Input data:

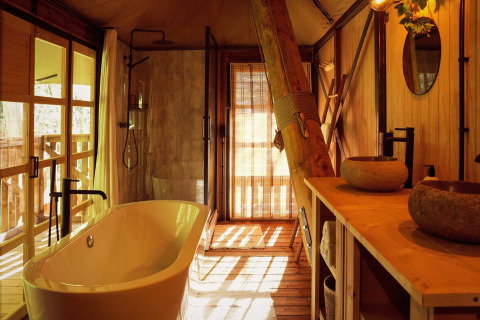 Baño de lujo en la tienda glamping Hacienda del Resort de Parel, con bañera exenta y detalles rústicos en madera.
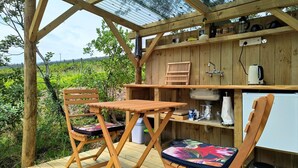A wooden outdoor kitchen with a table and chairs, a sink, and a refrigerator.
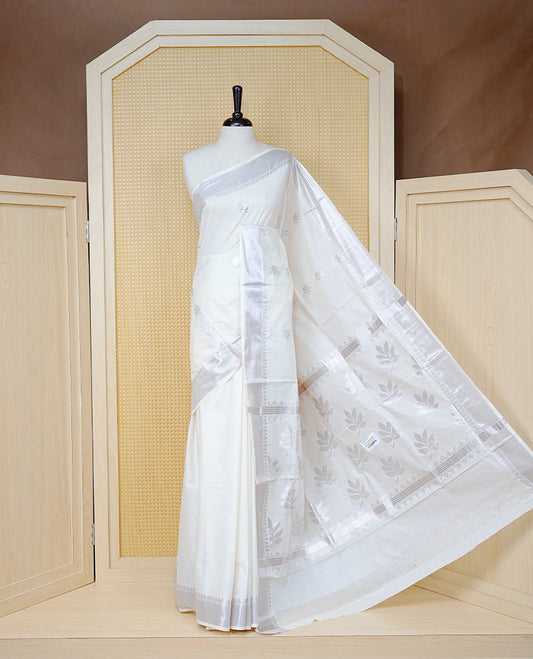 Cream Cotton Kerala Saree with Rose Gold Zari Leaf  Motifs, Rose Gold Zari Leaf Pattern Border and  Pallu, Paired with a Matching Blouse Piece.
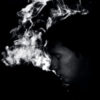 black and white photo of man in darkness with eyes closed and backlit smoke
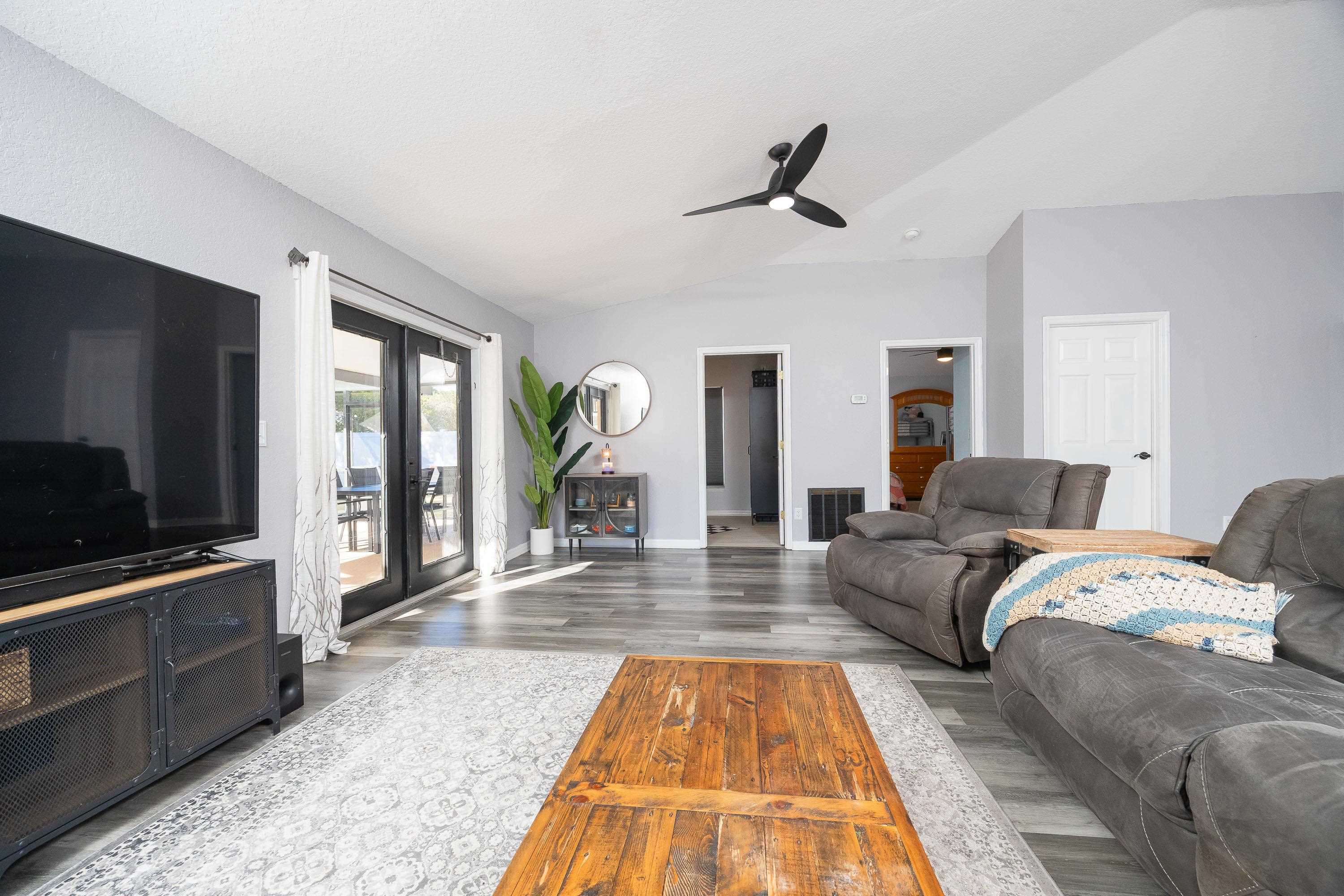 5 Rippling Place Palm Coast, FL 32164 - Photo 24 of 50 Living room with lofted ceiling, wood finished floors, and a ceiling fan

Aim of the task: Repeat exactly the lines from the one containing "black and white" to the last line of the data above, both included, and write no pictures into the copy.

Solution for this exercise:
 black and white photo of man in darkness with eyes closed and backlit smoke
 5 Rippling Place Palm Coast, FL 32164 - Photo 24 of 50 Living room with lofted ceiling, wood finished floors, and a ceiling fan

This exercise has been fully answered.